After graduating from Mac High, Fossum received a bachelor’s degree in mechanical engineering from Texas A&M University in 1980. He was then commissioned to the U.S. Air Force and earned a master’s degree in systems engineering from the Air Force Institute of Technology. Fossum would later earn another master’s degree in physical science from the University of Houston-Clear Lake.
After serving for 12.5 years, Fossum resigned from active duty in 1992 with the rank of colonel. He then went to work for NASA as a systems engineer but became a flight test engineer just four years later. Fossum was selected as an astronaut in June 1998.
Over the past 16 years, Fossum has been on three space missions, twice as a mission specialist and once as International Space Station commander. He is presently the assistant director for ISS in Flight Crew Operations at NASA’s Johnson Space Center.

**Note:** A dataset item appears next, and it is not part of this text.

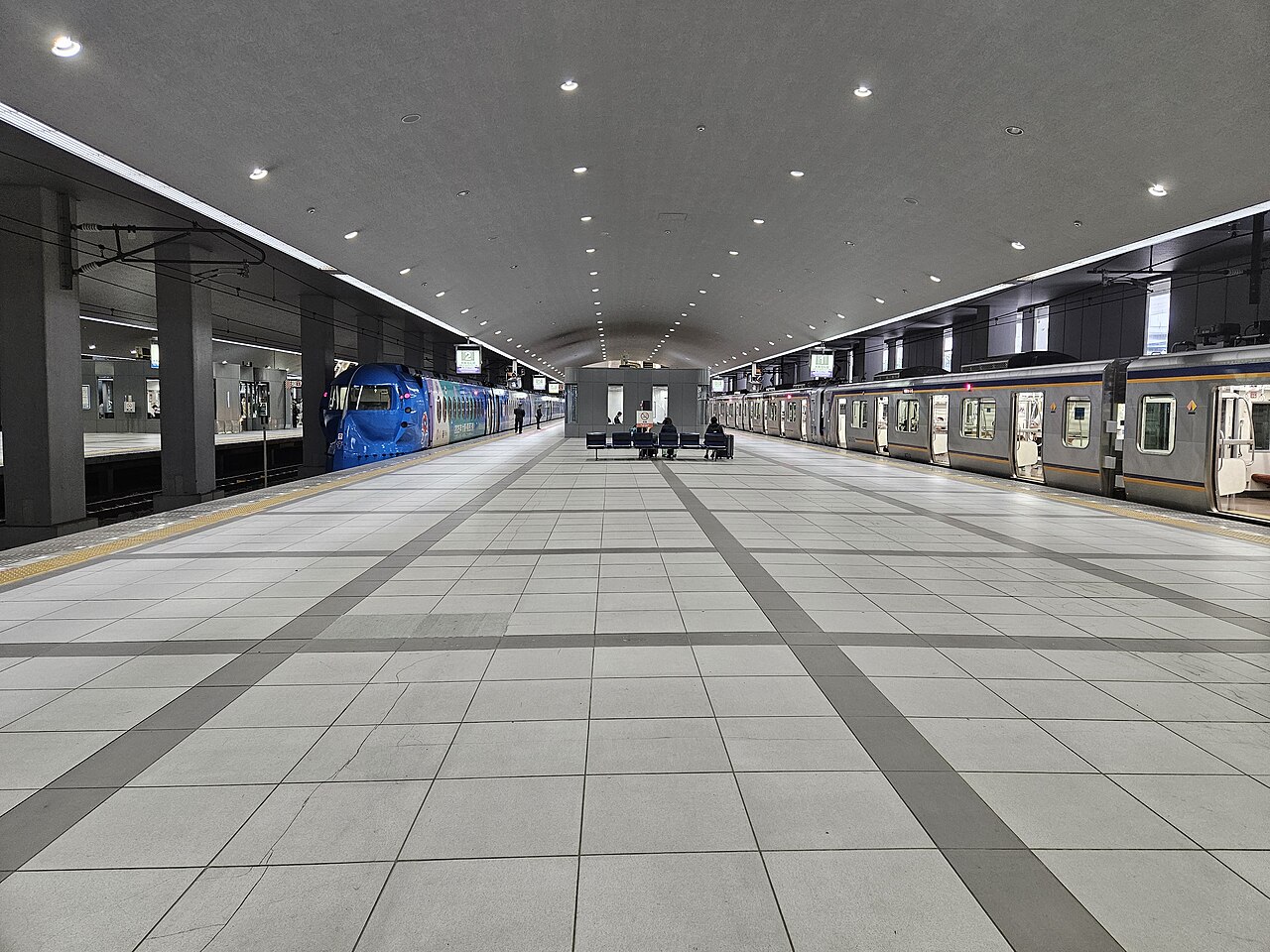Nankai platforms at Kansai Airport Station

Smith attended the United States Naval Academy and received a bachelor’s degree in general science in 1992. He would later earn a master’s degree in astronautical engineering from the University of Southern California.
After he earned his bachelor’s degree, Smith was commissioned to the U.S. Marine Corps. He became an EA-6B Prowler pilot and did two “no fly zone” tours over Iraq and two deployments within Iraq. After serving for 21 years, Smith retired from the Marine Corps in 2013 with the rank of lieutenant colonel. He then began his second career as a research pilot for NASA.